2. Problem Definition
With the charge-discharge cycle increases, the performance of Li-ion batteries generally degrades. Battery performance can be measured by capacity, so SOH, a health indicator for battery aging, can be defined by the following capacity ratio:
\({\textit{SOH}}(t)=\frac{C_t}{C_0}\times 100\%,
\)
where \(C_0\) denotes rated capacity, and \(C_t\) denotes the measured capacity of cycle, \(t\). As the number of times a battery is charged/discharged increases, capacity degrades. For a battery, End of Life (EOL) which is closely related to its capacity, is defined as the point when remaining capacity reaches 70-80% of initial capacity. Fig. 2 illustrates an example of RUL prediction.
3. Proposed Model
Our proposed model consisting of four parts: input and normalization, denoising, Transformer, and prediction. The architecture is shown in Fig. 3.
Input and Normalization. To reduce the influence of input data distribution changes on neural networks, the data must be normalized.

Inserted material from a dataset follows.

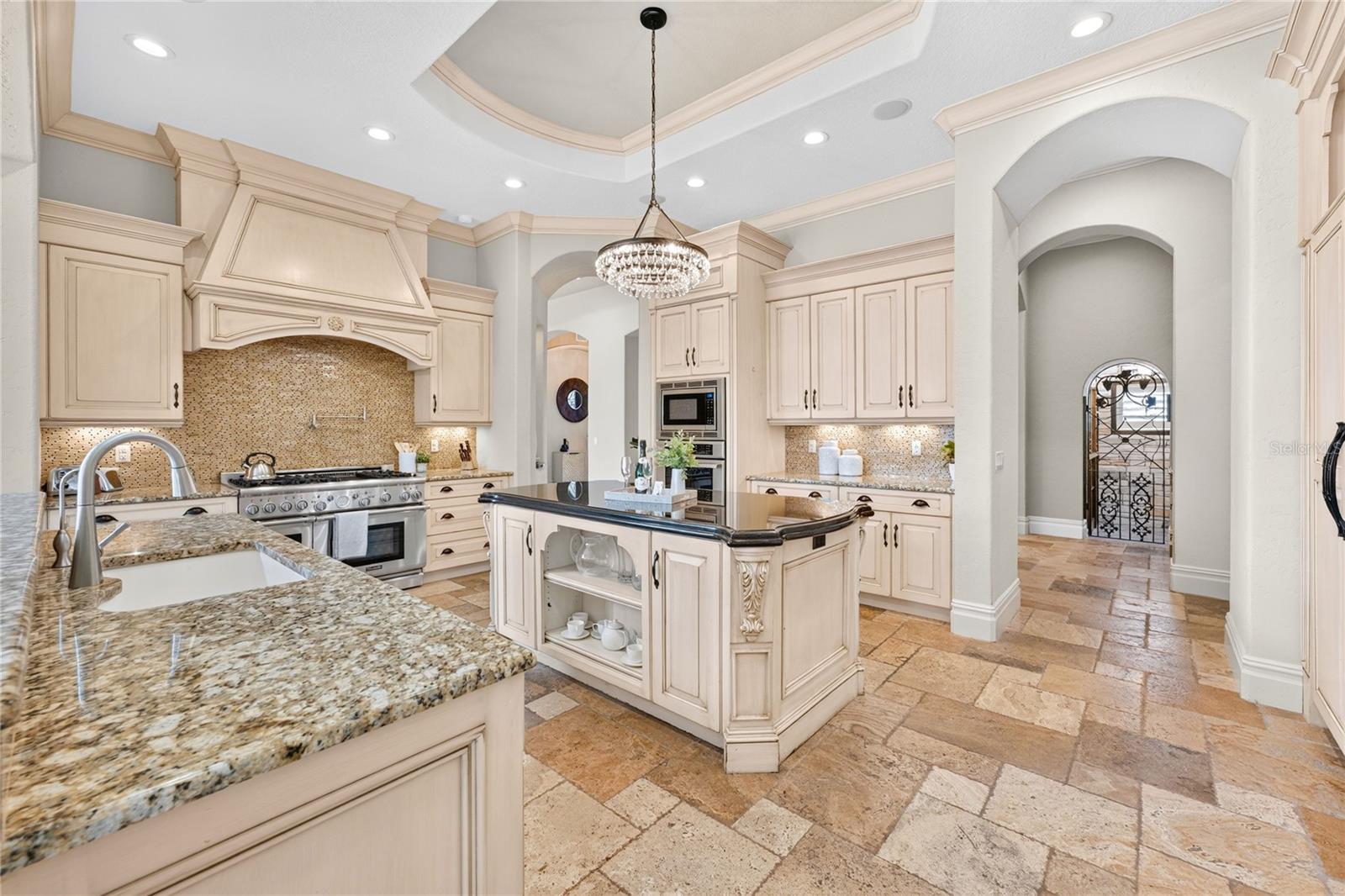 O6443311 Property Photo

Let \(\mathbf{x}=\left\{x_{1},x_{2},\dots,x_{n} \right\}\) denote the input sequence of capacity with length \(n\), which is mapped to (0,1]:
\(
\mathbf{x}'=\frac{\mathbf{x}}{C_0},
\)
where \(C_0\) denotes rated capacity.
Denoising. Raw input is always full of noise, especially when charge/discharge regeneration occurs. To maintain stability and robustness, input data must be denoised before being fed into deep neural networks. Denoising Auto-Encoder (DAE), an unsupervised method in learning useful features, which is adopted by our method, reconstructs input data from lower-dimensional representation preserving as much information as possible in the process.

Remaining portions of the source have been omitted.